++++ Data records ++++

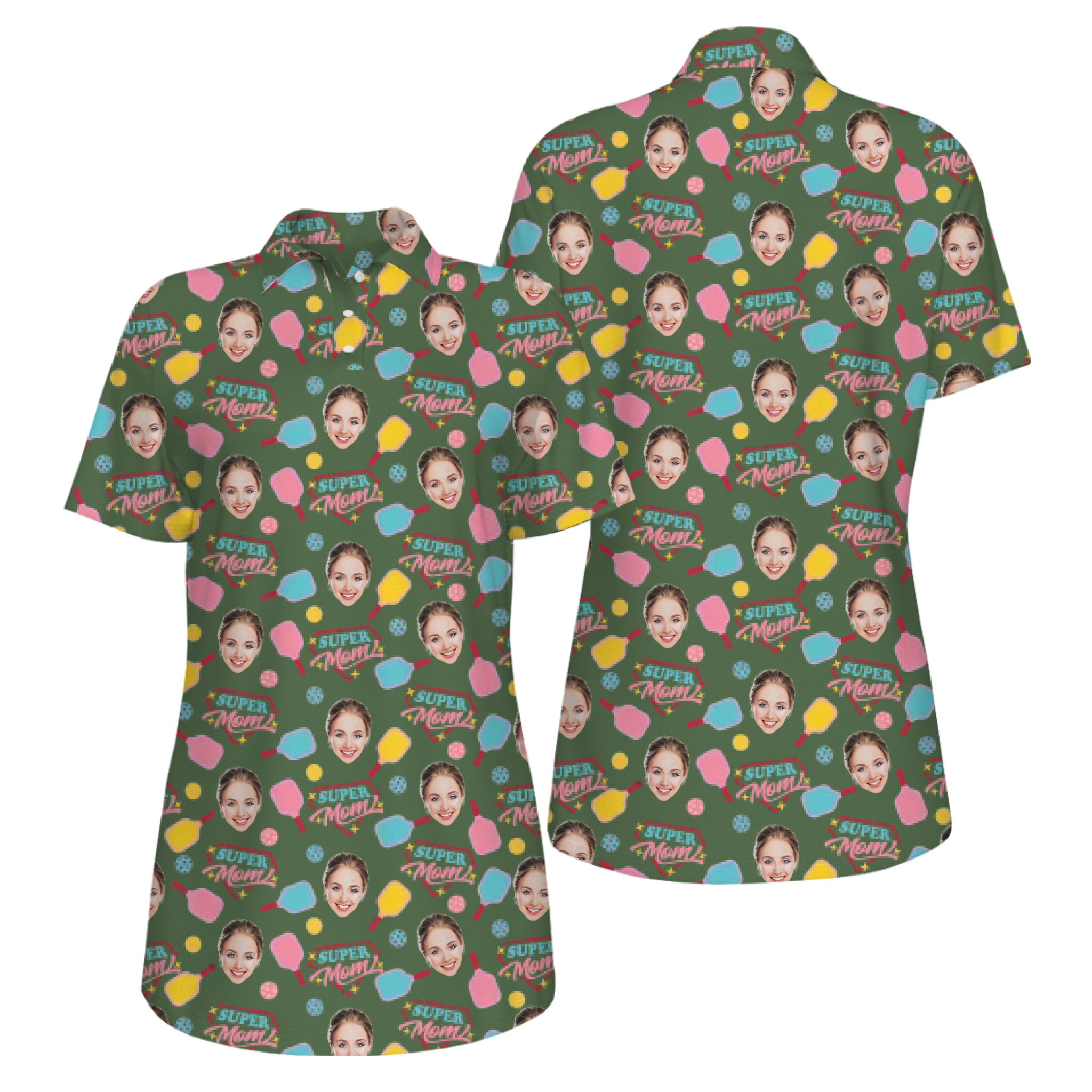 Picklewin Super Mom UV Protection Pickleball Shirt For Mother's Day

++++
++++ Data records ++++

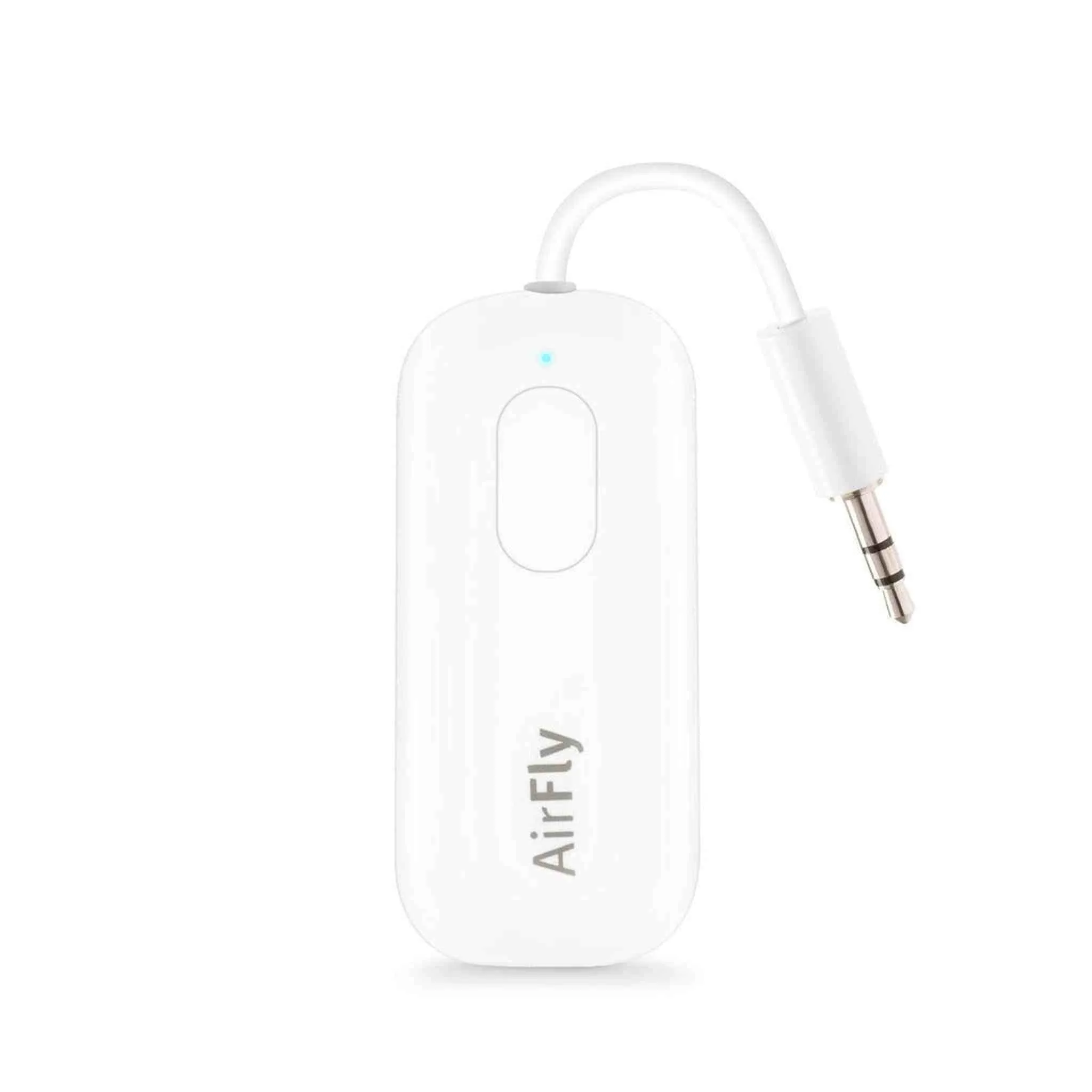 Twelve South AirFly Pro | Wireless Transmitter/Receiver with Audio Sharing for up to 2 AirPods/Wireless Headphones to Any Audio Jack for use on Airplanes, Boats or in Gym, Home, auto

++++
++++ Data records ++++

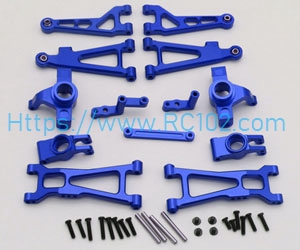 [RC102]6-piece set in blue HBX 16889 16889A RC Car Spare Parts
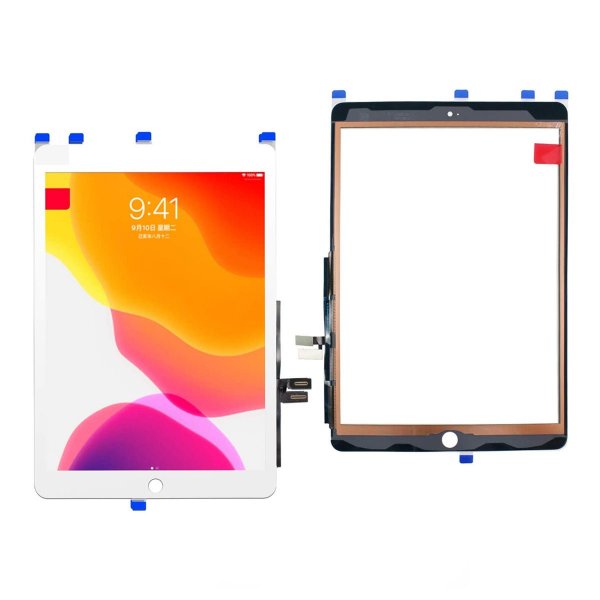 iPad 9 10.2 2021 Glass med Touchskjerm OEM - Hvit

++++

### Exercise
From the records above, extract the lines from the one holding "[RC102]6-piece set in" through the one holding "iPad 9 10.2", word for word; omit the pictures.

### Answer for the task
 [RC102]6-piece set in blue HBX 16889 16889A RC Car Spare Parts
 iPad 9 10.2 2021 Glass med Touchskjerm OEM - Hvit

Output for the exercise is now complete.